Last Friday a friend sent me a YouTube link. What it held was an advert for “TrueMove H”, a Thai mobile operator, from 2013. In short, this 3 minute TVC (Television Commercial) doesn’t “tug” on your heart strings, it clamps to them like a vice and swings from them until you’re a blubbering wreck. The proposition is based around the altruistic joy of giving.
After watching this ad and feeling (I’m not ashamed to admit) pretty choked up, I sent it to a select group of people in a text entitled ‘Tear Jerker’.
The range of responses I received was comical, but also interesting and has been the impetus for this post…
- Housemate’s reply: “Stop sending me adverts, I’m not watching this. Pick up lemonade, the cheap one”.
- Mum’s response (broad northern accent): “Jesus love, I’m at work and in floods of tears! Have sent it to Barbara”
- Colleague’s response: “No, I’m not having this at all, it’s just an ad, the sentiment is not substantiated by anything whatsoever, it’s just trying to sell me something!”.
My colleague’s response (a fellow analyst) was the one which snagged me.
We subsequently chatted about his brash statement and soon established a debate whereby I was the protector of such creative concepts whilst he was the challenger, arguing that they were manipulative and did not move him emotionally at all.

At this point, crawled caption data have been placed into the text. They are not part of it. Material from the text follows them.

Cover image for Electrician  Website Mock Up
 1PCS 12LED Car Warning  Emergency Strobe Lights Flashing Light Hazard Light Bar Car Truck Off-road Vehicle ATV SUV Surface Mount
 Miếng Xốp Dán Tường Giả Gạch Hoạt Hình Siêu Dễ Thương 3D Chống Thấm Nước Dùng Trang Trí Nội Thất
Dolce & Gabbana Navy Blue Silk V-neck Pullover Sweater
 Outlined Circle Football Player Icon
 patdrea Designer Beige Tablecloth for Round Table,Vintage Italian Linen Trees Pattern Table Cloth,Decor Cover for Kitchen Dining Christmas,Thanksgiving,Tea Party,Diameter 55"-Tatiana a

My colleague is a new father, so I expected the lack of sleep and general delirium created by his new born to have made him a prime target for such a TVC, but he demolished it in 5 seconds.
I battled on…
If we are asked about memorable moments, I argued – we often draw on times of heart-break, ecstasy, shock or amazement, the extremes of our lives. We remember when emotions were strained or stretched. Like many, I feel that pushing the extremities of our emotions is what makes us feel alive, and this is what the TrueMove ad did for me, it transported me from an artificially lit office in rainy London Bridge to a Thai hospital and broke my heart.
If people are asked about favourite stories, be it movies or books, they will often cite ones which moved them, when they turned the pages with tears running down their cheeks, or when they stayed on the tube two stops more than they needed, because the chapter was just too damn mind-blowing.
Great creative evokes those feelings but not through two hours of cinematography, or through three hundred pages of hard back book, it has a couple of minutes to enter your life and rock your world.
Yes, ultimately its goal may be to shift product but people don’t see an ad and dive for the phone in floods of tears to switch tariffs or providers, creative is just one touch point in a brands overall offering and I simply argue this example touch point is an excellent one.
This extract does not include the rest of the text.